With this fix, we have solved our problem of the stalled sender. Originally, the sender had to wait for the re-sent 101 to be acked before sending new packets. Now, the sender is now able to keep sending packets before the re-sent 101 is acked.

We also solved the secondary problem from earlier, where the window leapt forward and we sent a burst of new packets (111 through 115). Now, 111 through 114 were sent out earlier, and when the window leapt forward, we only had to send out 115.

Without this fix, we had to stall for another round-trip while waiting for the burst of 111 through 115 to be acked. Now, because we stayed busy earlier and sent out 111 through 114, they’ll get acked earlier, and we can keep sending 116 and beyond without that entire RTT of stalling.

Another way to look at this fix is to focus on the packets in the artificially-extended window.

When we get the third duplicate ack, the CWND shrinks to 5, but we artificially extend for the 3 duplicate acks for a CWND of 8. If you look at this extended window, 3 of the packets are acked (102, 103, 104, though we don’t know it’s these), and the other 5 are in-flight. This achieves our intended window of 5 packets in-flight.

Next, when we get another ack(101) from 105, the window extends to 9. Again, if you look in this window, 4 of the packets are acked (we don’t know which), and the other 5 are in-flight, giving us our intended window of 5 in-flight packets.

When we get ack(101) from 106, the window extends to 10, including 5 received packets (from 5 duplicate acks), plus 5 in-flight packets (intended window size).

At every step, in our extended window, if you don’t count the packets that have been acked, there are exactly 5 packets in-flight in the window.
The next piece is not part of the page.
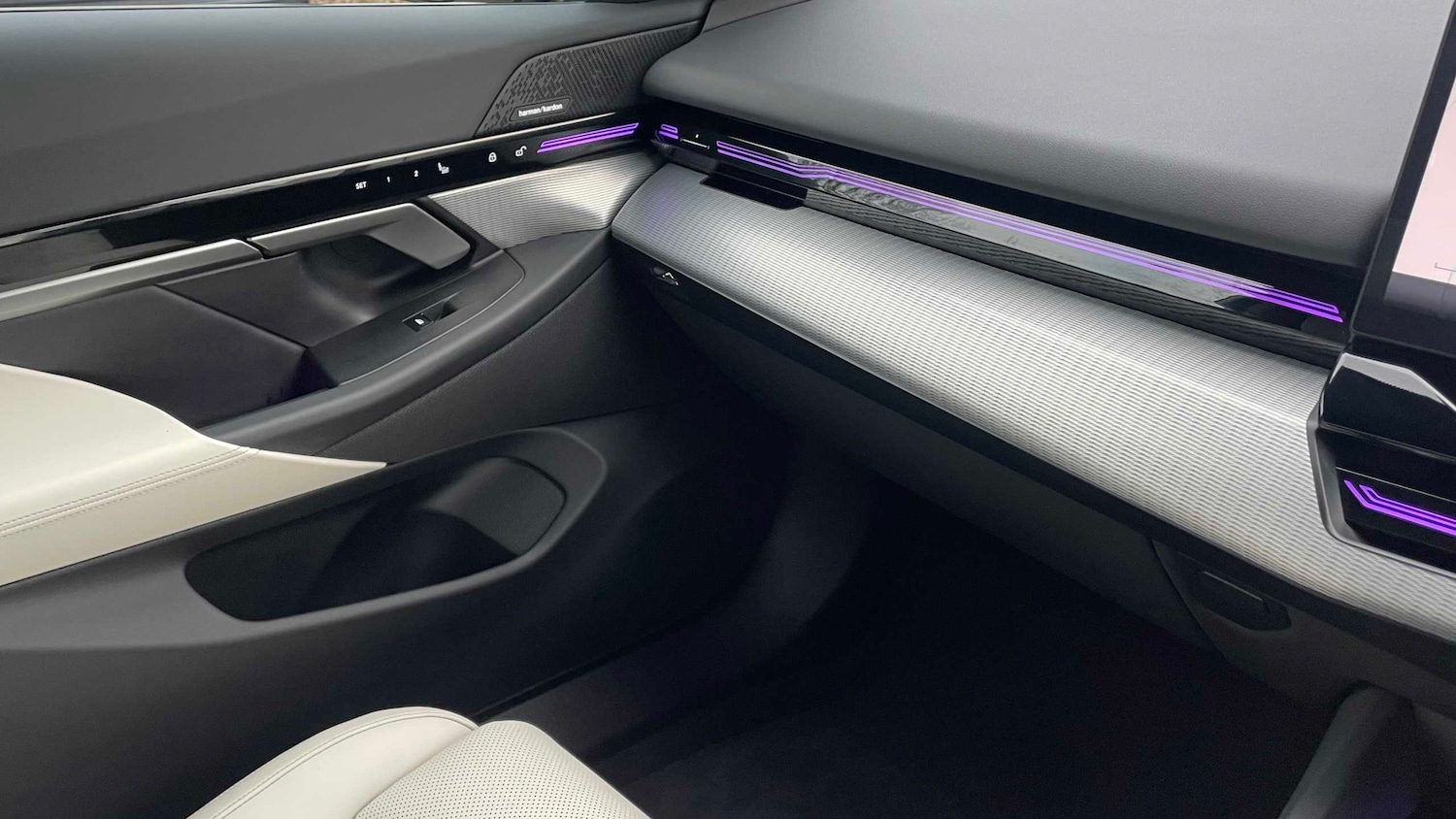 Used BMW 5 Series 2024 for sale - 77270045: Photo 23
Again, we don’t know exactly which packets in the window are acked, but we can use the duplicate acks to count how many packets were acked, and use that count to keep 5 in-flight packets.
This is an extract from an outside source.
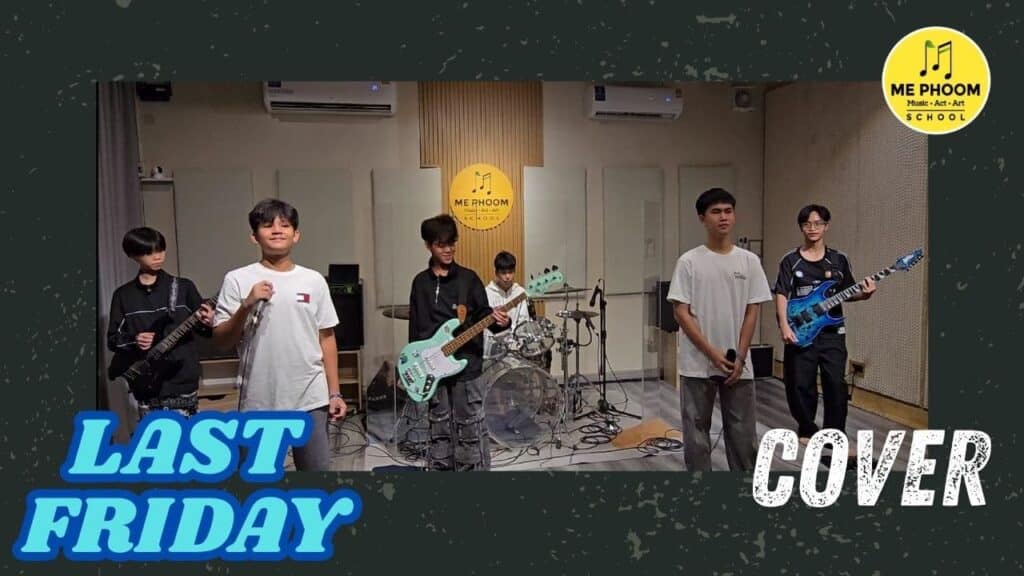 รูปภาพปกวิดีโอ YouTube ของวงดนตรีนักเรียนจากโรงเรียนสอนดนตรี "ME PHOOM Music School" แสดงสมาชิก 6 คนพร้อมเครื่องดนตรีครบครัน (กีตาร์ไฟฟ้า, เบส, กลองชุด) กำลังซ้อมอยู่ในสตูดิโอ โดยมีข้อความสีฟ้า "LAST FRIDAY" และข้อความสีขาว "COVER" พร้อมโลโก้โรงเรียนอยู่มุมขวาบน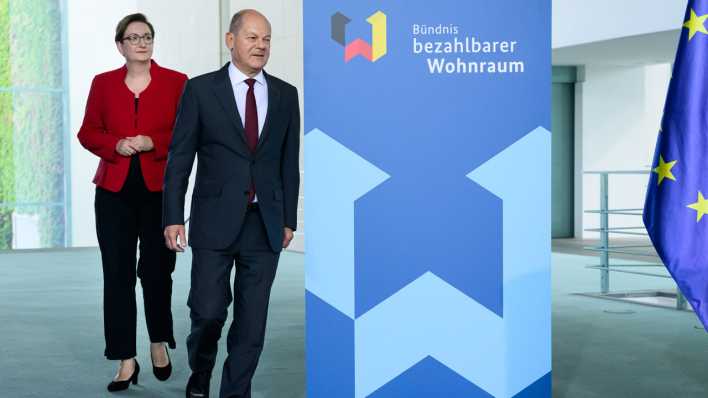 Bundeskanzler Olaf Scholz (SPD, r) und Klara Geywitz (SPD), Bundesministerin für Wohnen, Stadtentwicklung und Bauwesen, kommen zu einem Statement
When we get ack(101) from 107, the window extends to 11, including 6 received packets (from 6 duplicate acks). The other 5 packets in the window are allowed to be in-flight.
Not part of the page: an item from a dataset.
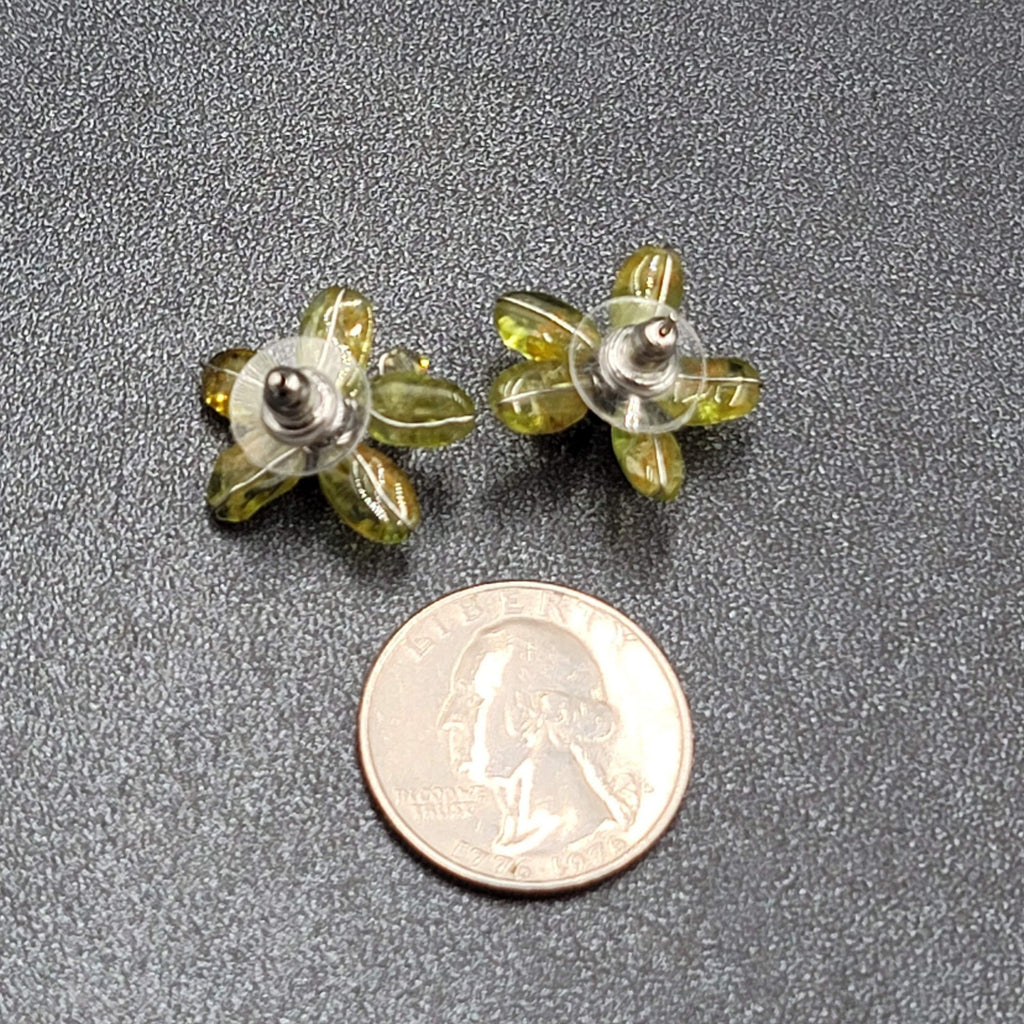 Pierced Earrings Green Stone Artisan Made Flower Studs 3/4"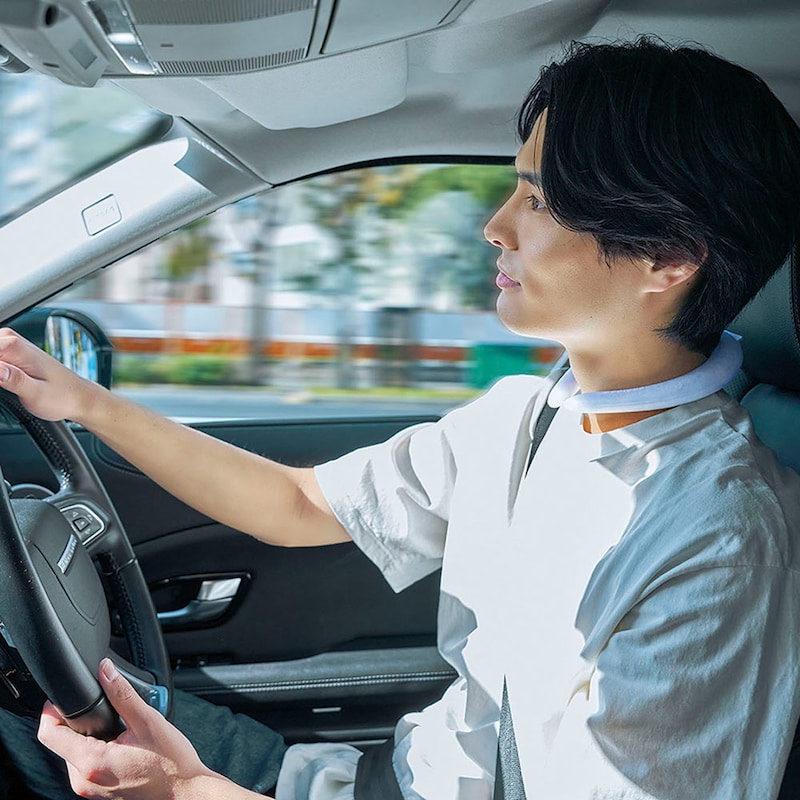 車の運転時に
At this point, we sent 10 packets originally, and we got 6 duplicate acks, which tells us that only 4 packets remain in flight. This allows us to send out 111. The artificially-extending window captures this reasoning, because it extends the window to include 111.

When we get ack(101) from 108, we deduce that now, one fewer packet is in flight. So we artificially extend the window again to 12, which allows 112 to be sent.

Fast Recovery: Implementation

When we detect packet loss from duplicate acks, we temporarily enter the fast recovery mode, where additional duplicate acks artificially extend the window to prevent stalling.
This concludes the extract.